++++ Material for this task ++++

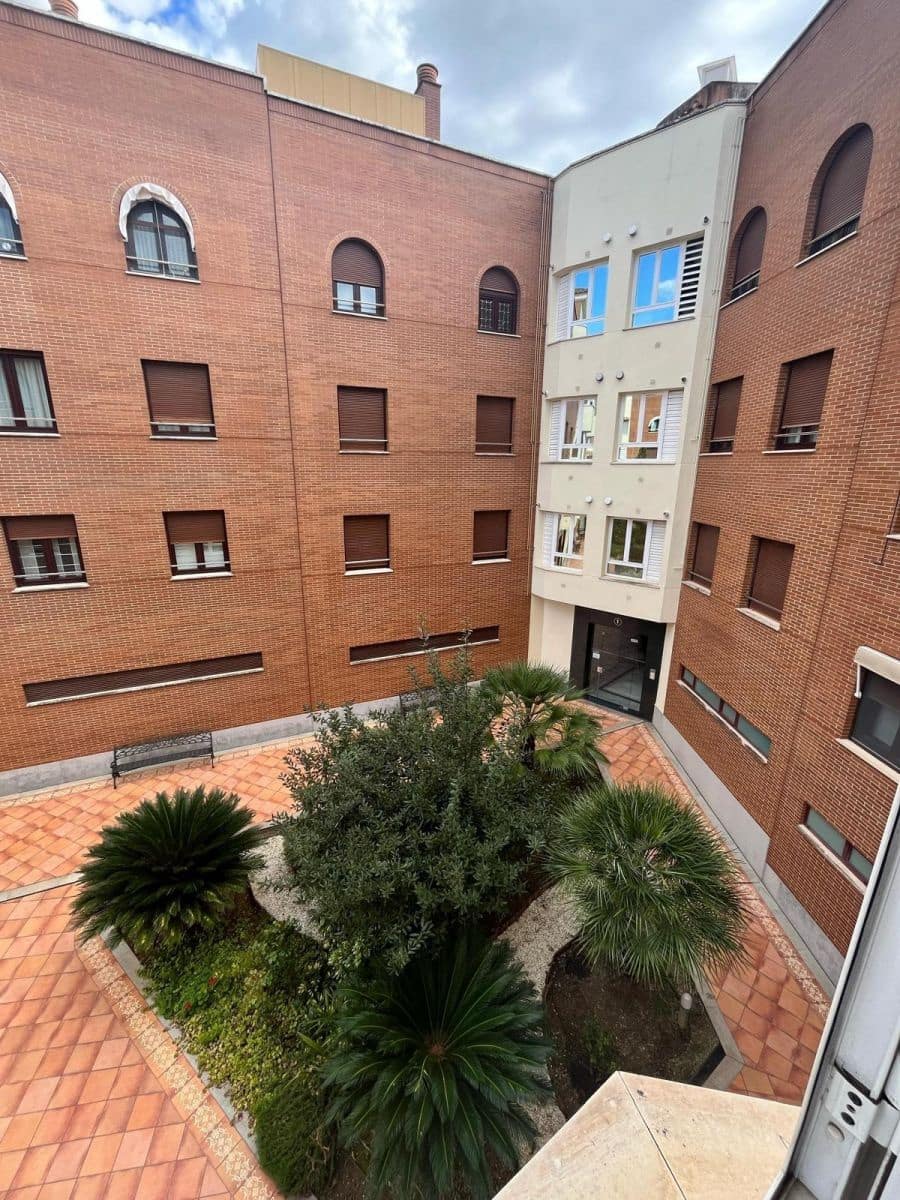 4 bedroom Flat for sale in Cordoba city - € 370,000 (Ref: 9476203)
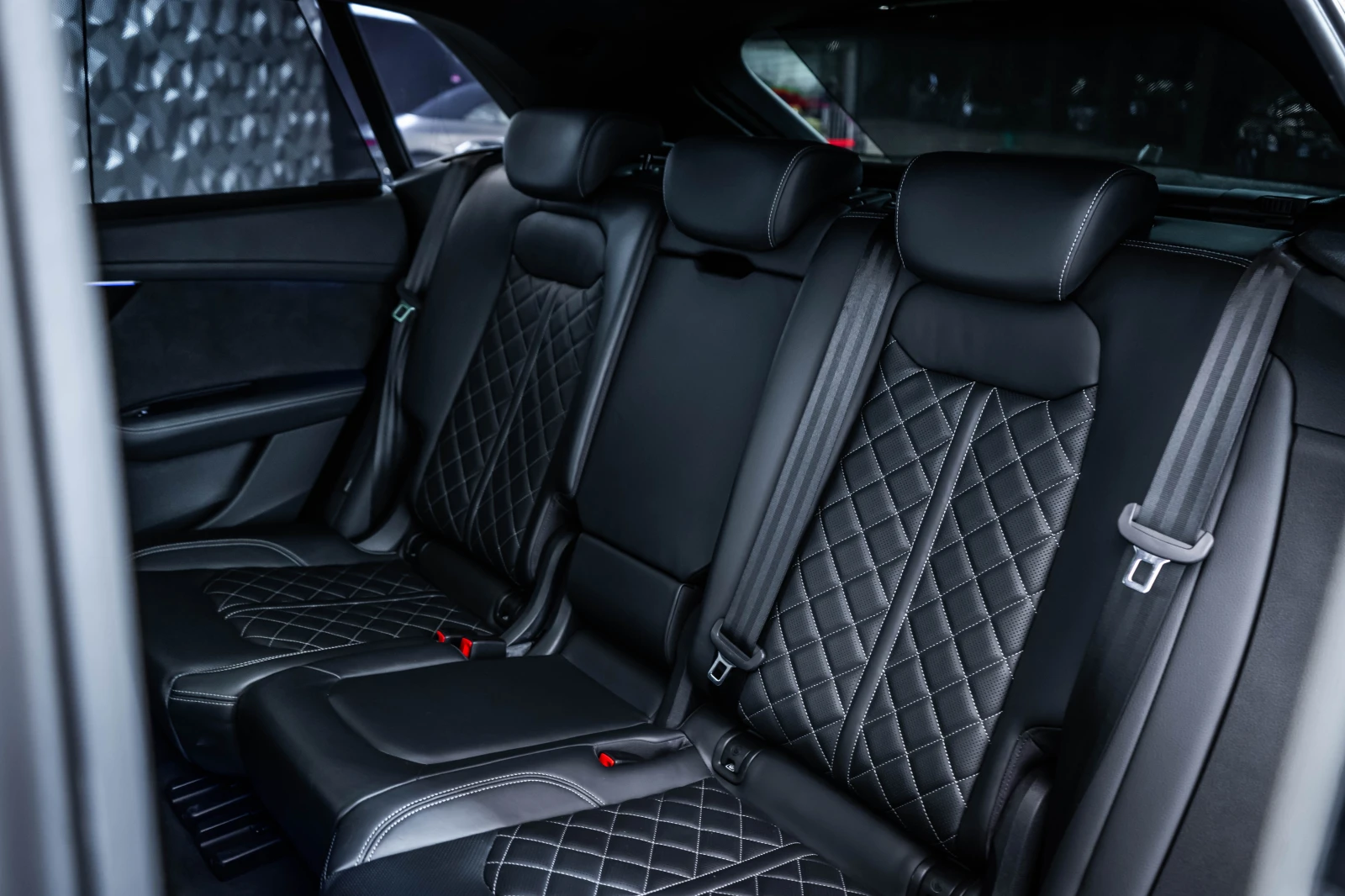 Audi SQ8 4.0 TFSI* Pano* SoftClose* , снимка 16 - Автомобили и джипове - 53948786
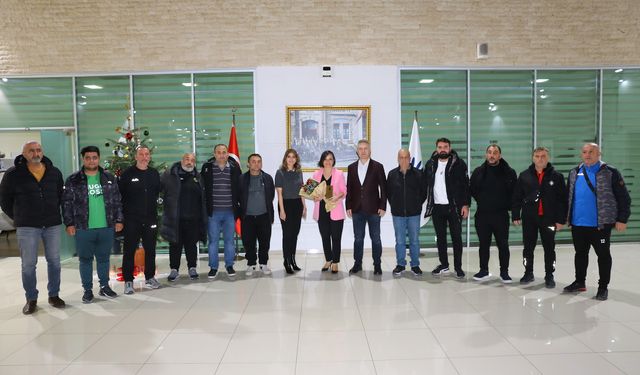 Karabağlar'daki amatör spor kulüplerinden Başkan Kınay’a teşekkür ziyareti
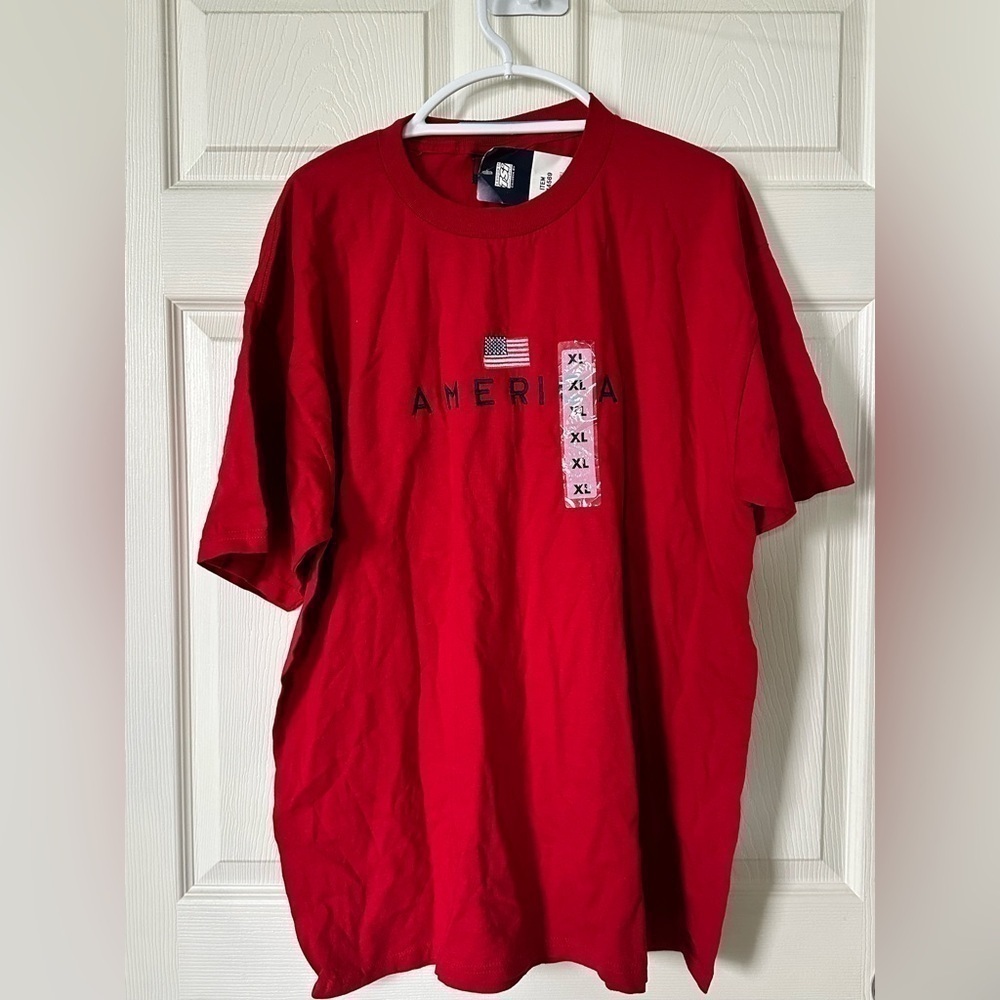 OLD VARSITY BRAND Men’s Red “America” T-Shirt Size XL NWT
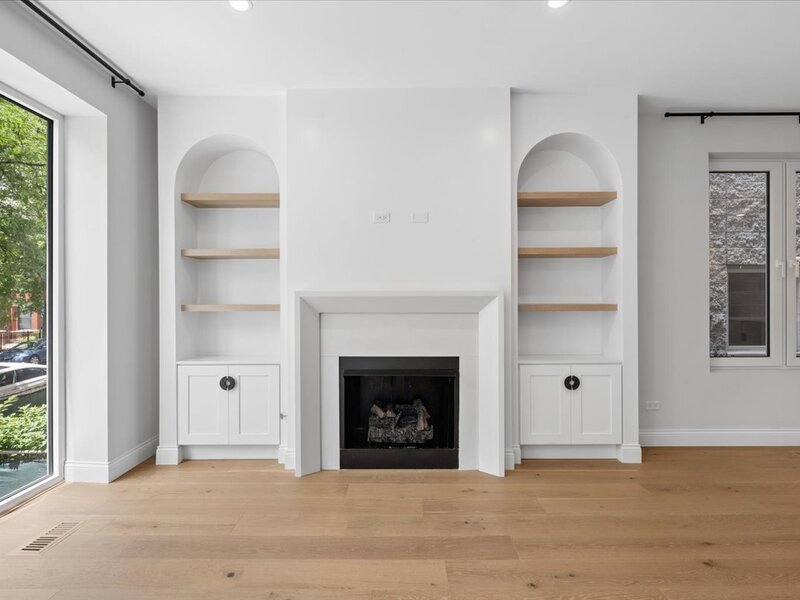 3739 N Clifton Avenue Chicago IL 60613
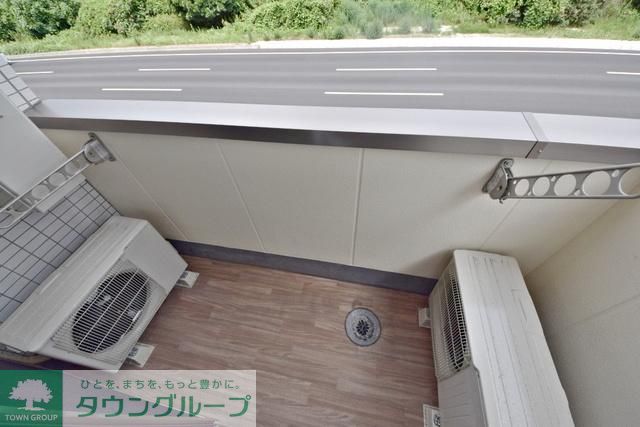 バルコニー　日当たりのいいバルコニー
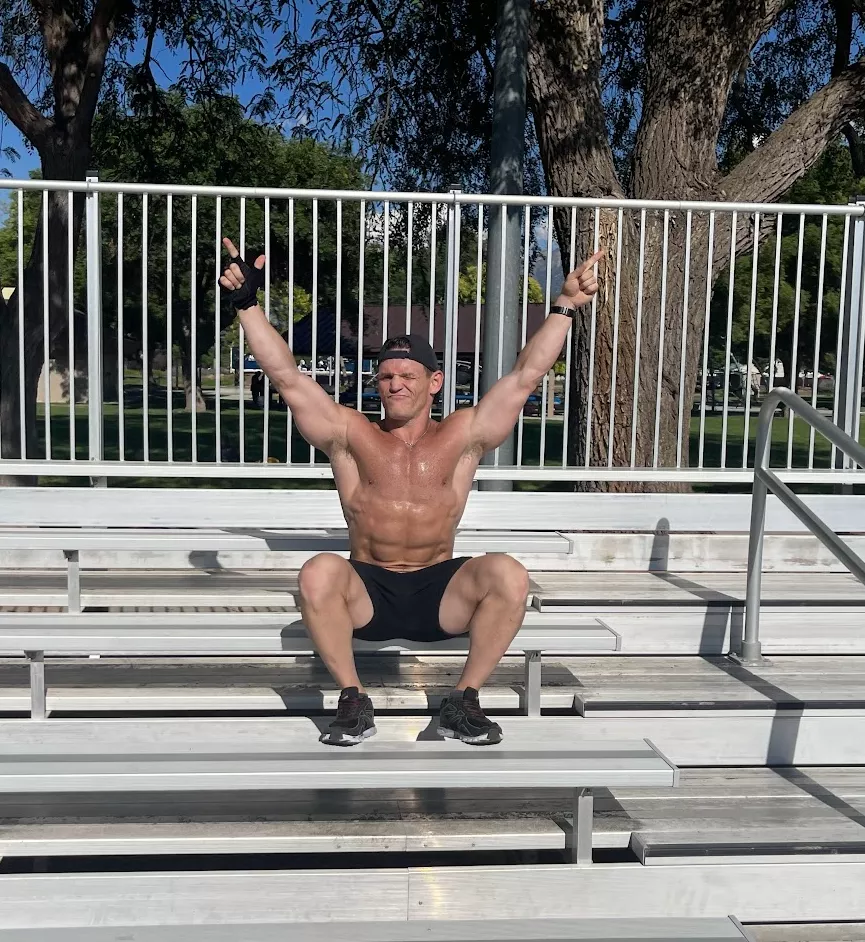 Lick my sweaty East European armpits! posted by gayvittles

++++

> **Activity**:
Output each record above exactly as written. Skip any pictures.

> **Finished exercise**:
 4 bedroom Flat for sale in Cordoba city - € 370,000 (Ref: 9476203)
 Audi SQ8 4.0 TFSI* Pano* SoftClose* , снимка 16 - Автомобили и джипове - 53948786
 Karabağlar'daki amatör spor kulüplerinden Başkan Kınay’a teşekkür ziyareti
 OLD VARSITY BRAND Men’s Red “America” T-Shirt Size XL NWT
 3739 N Clifton Avenue Chicago IL 60613
 バルコニー　日当たりのいいバルコニー
 Lick my sweaty East European armpits! posted by gayvittles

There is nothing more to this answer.